Но его трактат «О господстве Божьем» («De dominio Divino») показывает, насколько, в сущности, его стремления отличались от эгоистических поползновений, с которыми ему приходилось действовать. В этом знаменитом произведении Уиклиф положил в основу своей деятельности определенный общественный идеал. Всякая власть, по его собственному выражению, «основана на благодати». Господство в высшем смысле слова принадлежит одному Богу, который как сюзерен Вселенной раздает ее части в лен правителям различных ленов с условием повиновения Ему. Легко возразить, что в таком случае «господство» не возможно, так как смертный грех представляет нарушение указанного условия, а все люди грешат. Но Уиклиф настаивал на том, что его теория — чистый идеал. В действительной жизни он различает господство и власть; последнюю, с позволения Бога, могут иметь и порочные люди, которым христианин должен подчиняться из повиновения Богу. Согласно его схоластическому выражению, так странно извращенному впоследствии, здесь, на земле, «Бог должен повиноваться дьяволу». Но и с идеальной, и с практической точки зрения всякая власть или господство исходит от Бога, который дарует ее не одному лицу, — своему наместнику на земле, как утверждали папы, — а всем. Король — такой же наместник Бога, что и папа Римский. Королевская власть так же священна, как и церковная, и так захватывает все светские дела, даже церковное имущество, как и власть церкви — духовные дела. Поэтому в вопросе о церкви и государстве, различия между идеальным и практическим взглядом на «господство» имеют мало значения.
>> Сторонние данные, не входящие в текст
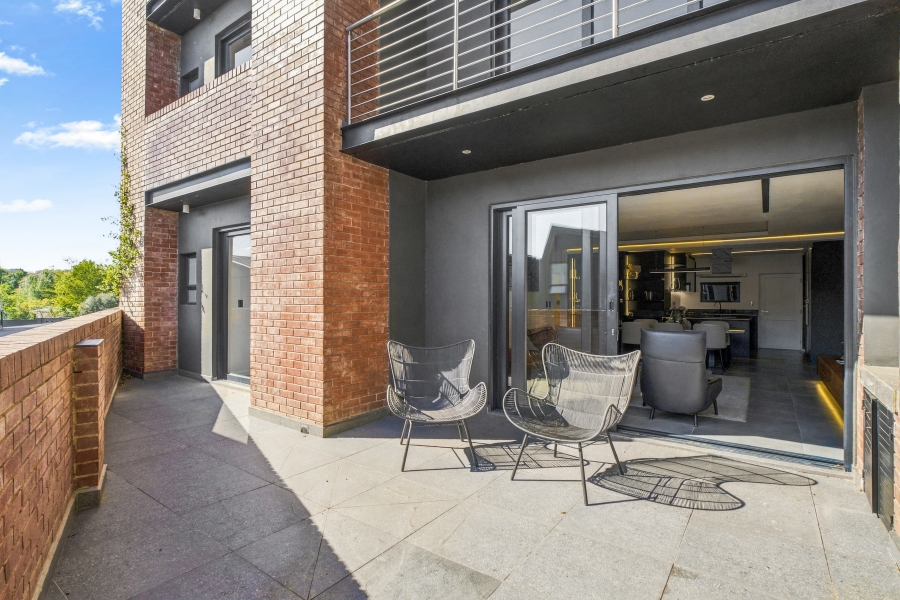 3 Bedroom Property for Sale in Broadacres Gauteng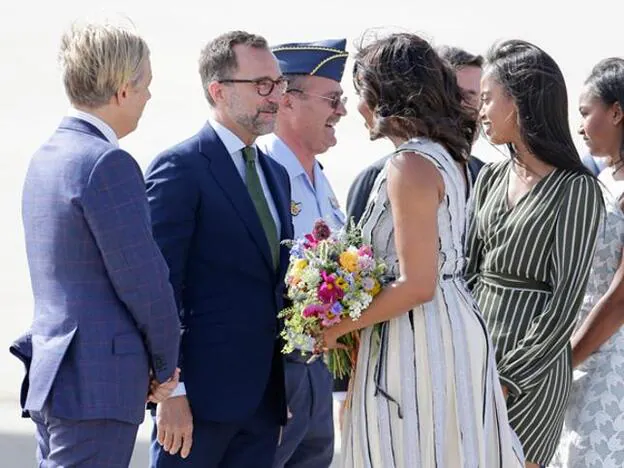 Michelle Obama y su familia, recibida en Madrid por el Embajador de EEUU James Costos y su marido.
Гораздо более важное и широкое значение представляло приложение теории Уиклифа к делу личной совести. Каждый христианин обязан повиноваться королю или священнику, но сам он как обладатель «господства» зависит непосредственно от Бога, престол которого служит для человека высшим судом. Своей теорией «господства» Уиклиф стремился достичь того же, чего реформаторы XVI века добивались при помощи учения об оправдании верой. Устанавливая прямое отношение между человеком и Богом, теория Уиклифа уничтожала саму основу посредствующего священства, на котором была построена средневековая церковь; но сначала настоящее значение этой теории едва ли было по достоинству оценено.